[Short descriptive text snippets]
---*---

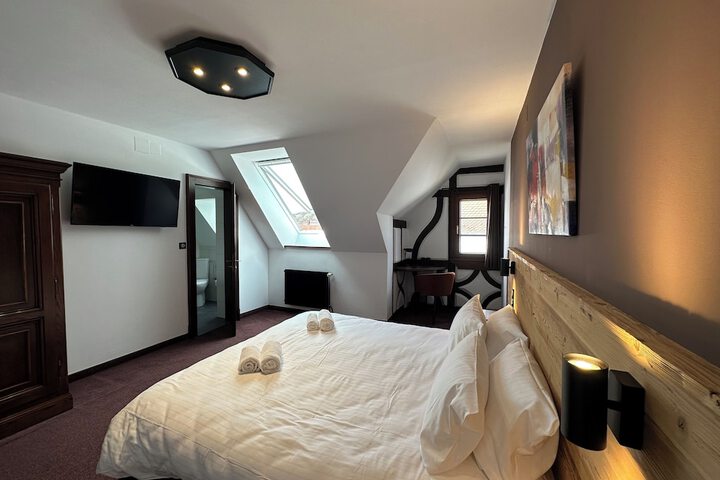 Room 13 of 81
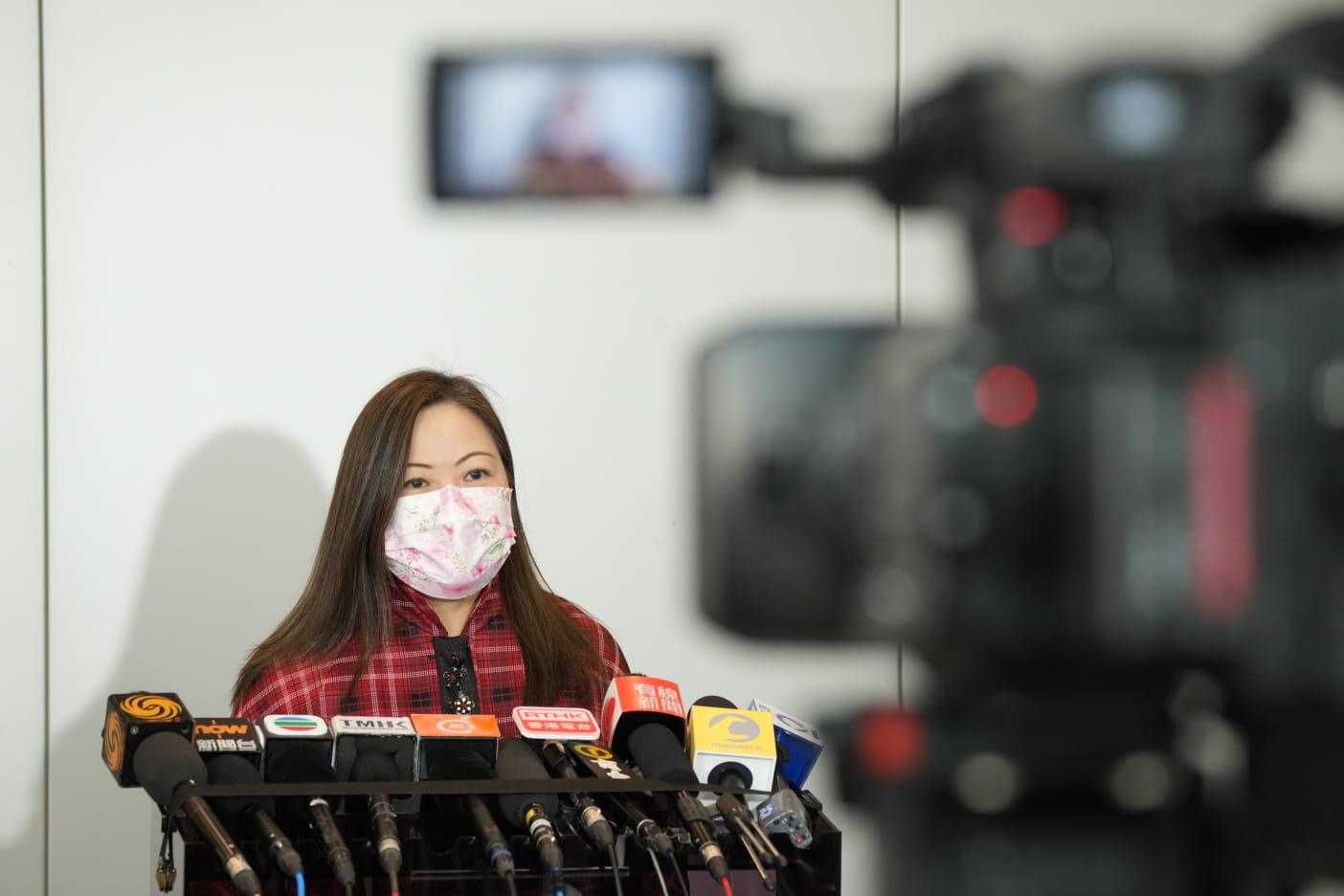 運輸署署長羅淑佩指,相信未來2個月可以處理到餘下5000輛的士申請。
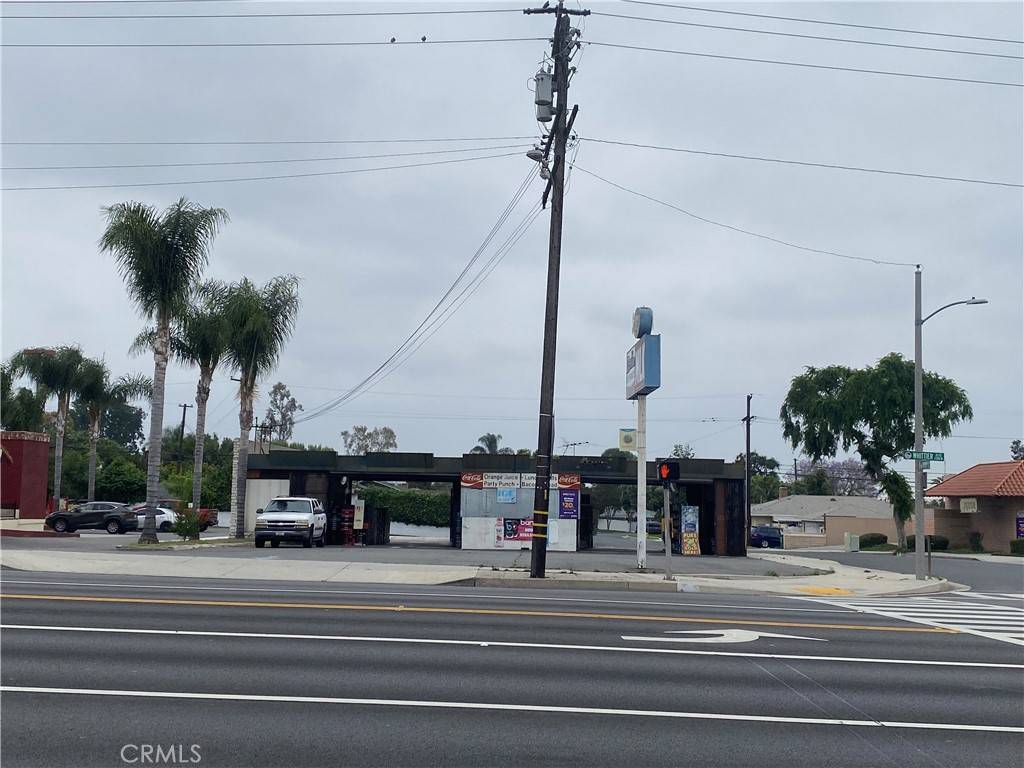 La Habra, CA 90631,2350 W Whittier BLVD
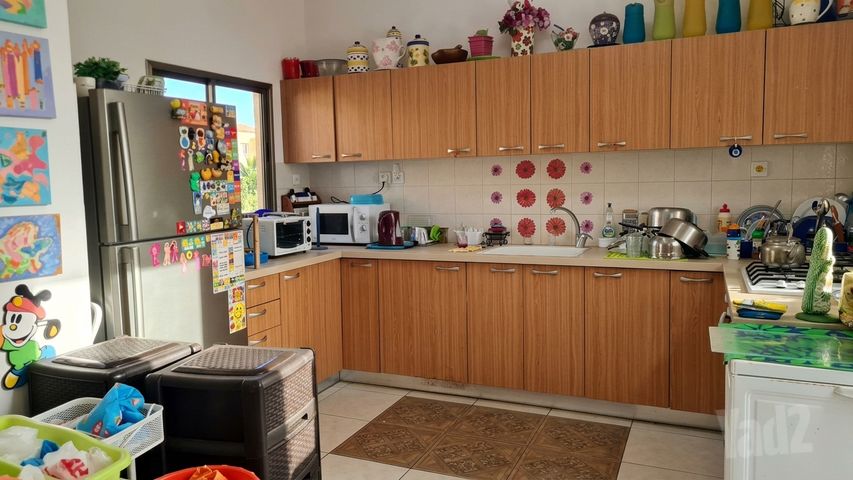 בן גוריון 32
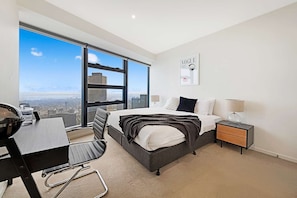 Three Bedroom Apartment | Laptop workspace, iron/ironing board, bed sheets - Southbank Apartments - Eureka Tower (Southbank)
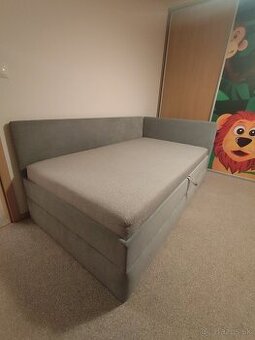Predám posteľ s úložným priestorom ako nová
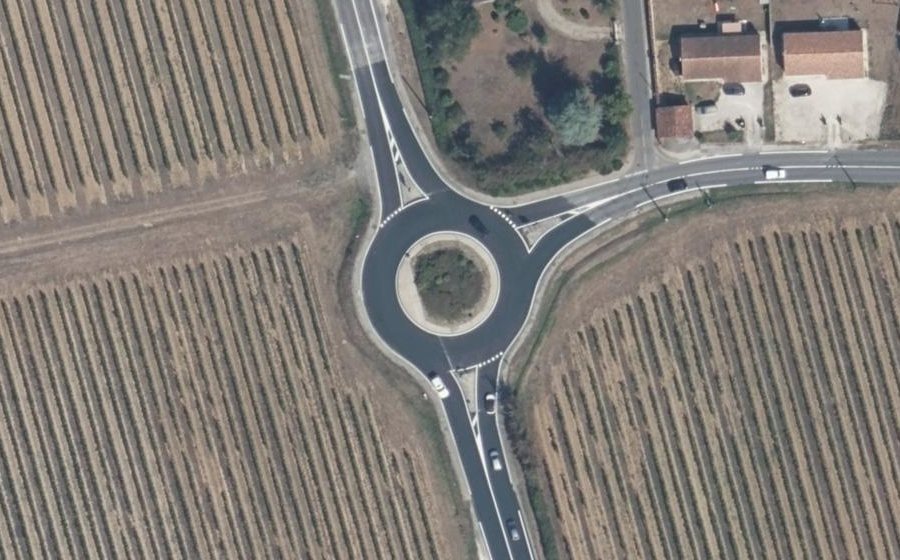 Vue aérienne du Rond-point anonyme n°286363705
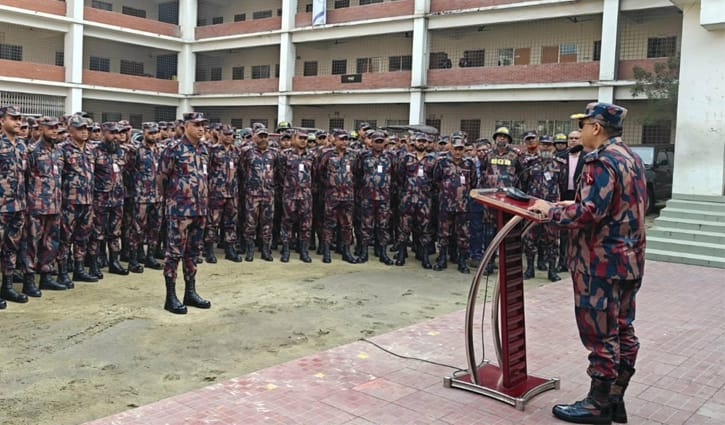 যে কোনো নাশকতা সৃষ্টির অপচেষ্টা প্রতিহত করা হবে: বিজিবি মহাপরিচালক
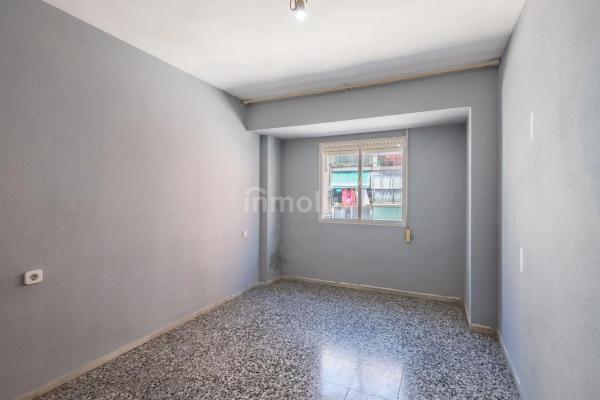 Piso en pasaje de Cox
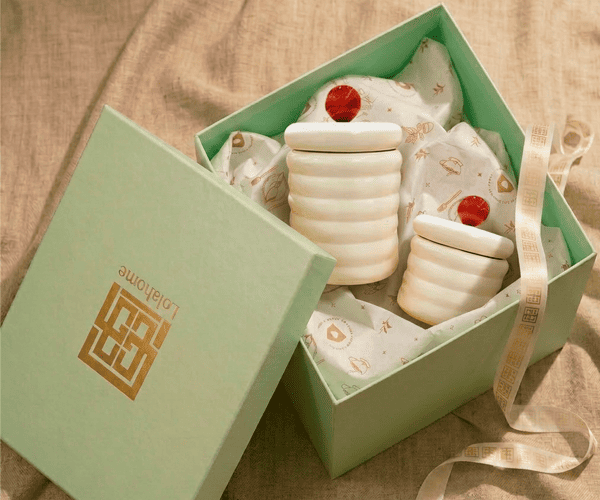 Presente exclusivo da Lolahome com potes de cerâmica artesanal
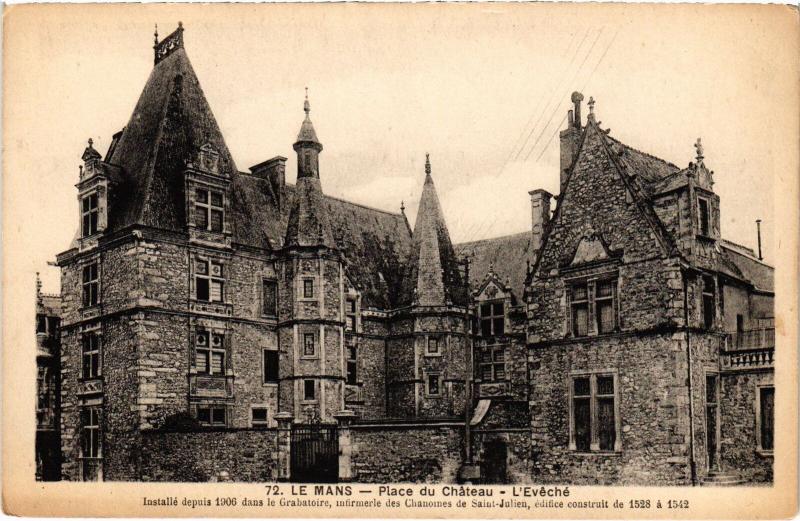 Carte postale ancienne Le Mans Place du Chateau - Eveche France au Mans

---*---

### WORK REQUIRED
Set down the lines from the one containing "Predám posteľ s úložným priestorom ako nová" through the last line of the records above, both included, exactly as they appear and with no other text. Pictures should not be set down.

### OUTPUT BELOW
Predám posteľ s úložným priestorom ako nová
 Vue aérienne du Rond-point anonyme n°286363705
 যে কোনো নাশকতা সৃষ্টির অপচেষ্টা প্রতিহত করা হবে: বিজিবি মহাপরিচালক
 Piso en pasaje de Cox
 Presente exclusivo da Lolahome com potes de cerâmica artesanal
 Carte postale ancienne Le Mans Place du Chateau - Eveche France au Mans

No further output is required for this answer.